# Roller loft and kit boxes - Haw'n style



## bigislerollers (Jan 20, 2008)

Here are pictures of the set-up that I use.

Kit boxes - 3 @ 4' x 4' x 5'











Open loft/Foster pen - 16' x 6' x 6 1/2'











"Honeymoon suite"/inidvidual breed pens - 8 @ 3' x 3' x 4 1/2'











Closeup of "Honeymoon suite"


----------



## TheSnipes (Apr 9, 2007)

Verrrry nice!


----------



## Lovebirds (Sep 6, 2002)

Nice. Now, your boxes don't look like "boxes".........they are airy and enough room. 
No matter what the reason.......I still don't like the "boxes" that some rollers are kept in.


----------



## bigislerollers (Jan 20, 2008)

Aloha Renee,

Yes my kitboxes are more "open" than a lot of others. I also have an attached flypen off the back of the boxes so they can bathe without getting the inside of the box wet. 

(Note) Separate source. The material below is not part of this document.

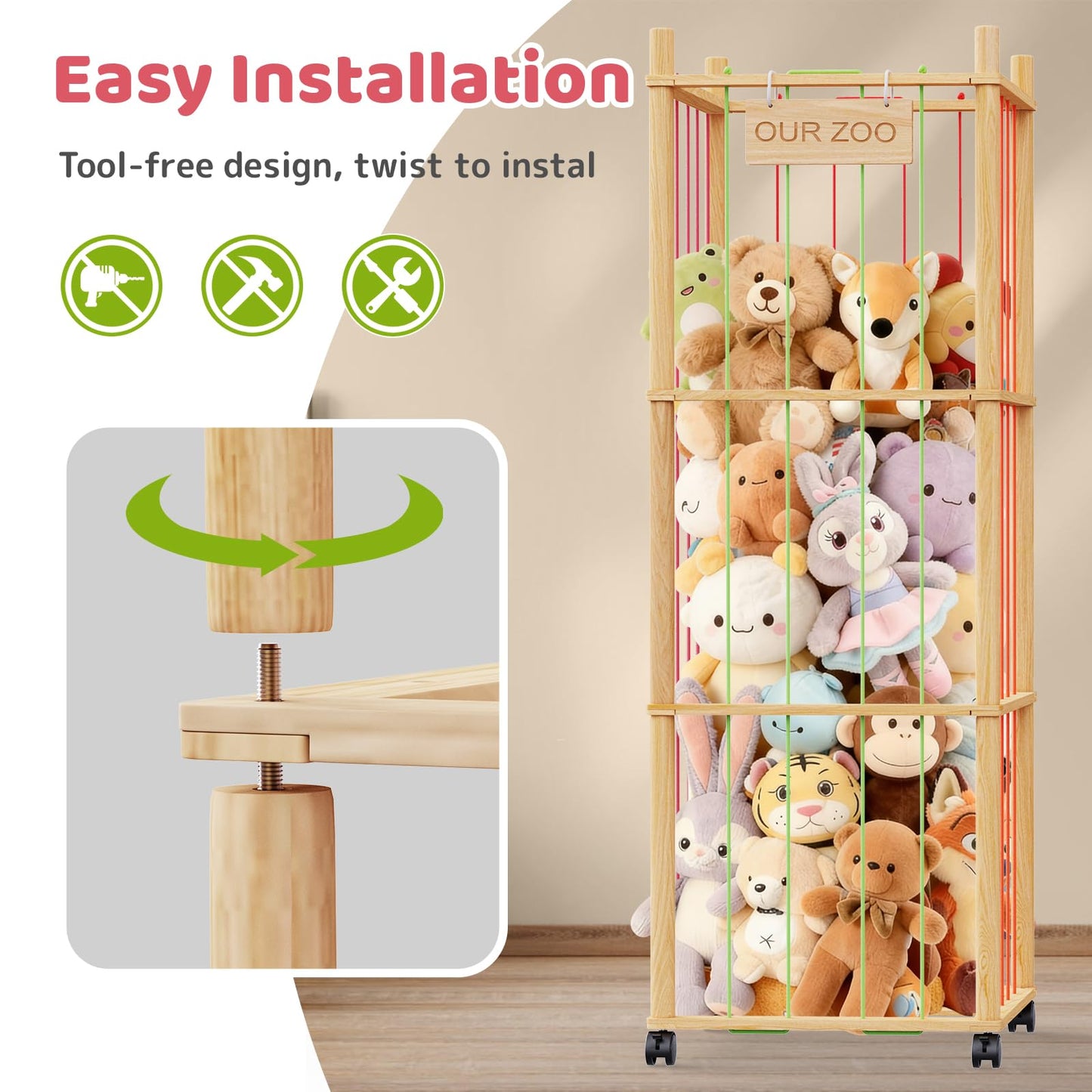 Stuffed Animal Storage & Organizer: Wooden Stuffed Animal Holder - 53.6" Stuffed Animal Zoo with Thicker Bands - Large Capacity Stuffy Storage for Playroom/Living Room/Nursery Room/Bedroom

One thing, I am more of a backyarder than a hardcore competition fancier. That might change in the future but for now I like what I have.


----------



## ezemaxima (Jan 12, 2008)

bigislerollers said:


> Here are pictures of the set-up that I use.
> 
> "Honeymoon suite"/inidvidual breed pens - 8 @ 3' x 3' x 4 1/2'
> 
> ...


That's a very nice breeding pen... I think you should call it the Ali'i Honeymoon suite...


----------



## bigislerollers (Jan 20, 2008)

ezemaxima said:


> That's a very nice breeding pen... I think you should call it the Ali'i Honeymoon suite...


Thanks Eric. I just might use that name.


----------



## Skyeking (Jan 17, 2003)

Lovely! I enjoy seeing birds kept in such spacious and bird friendly environment, I'm sure they appreciate it and are quite happy.


----------



## ssmith (Oct 15, 2017)

Hi everyone! I've looked thru the threads and I'm still so confused. I'm looking to build my first loft this winter for birds in the spring. There are so many designs.....I'm looking for something smallish and easy to build. I'm thinking of having maybe 12 homing pigeons. I would like to build it myself...(think girl) but have access to all the power tools one could ask for and I've used most of them before. Thoughts and ideas would be welcome. Thanks for your thought!


----------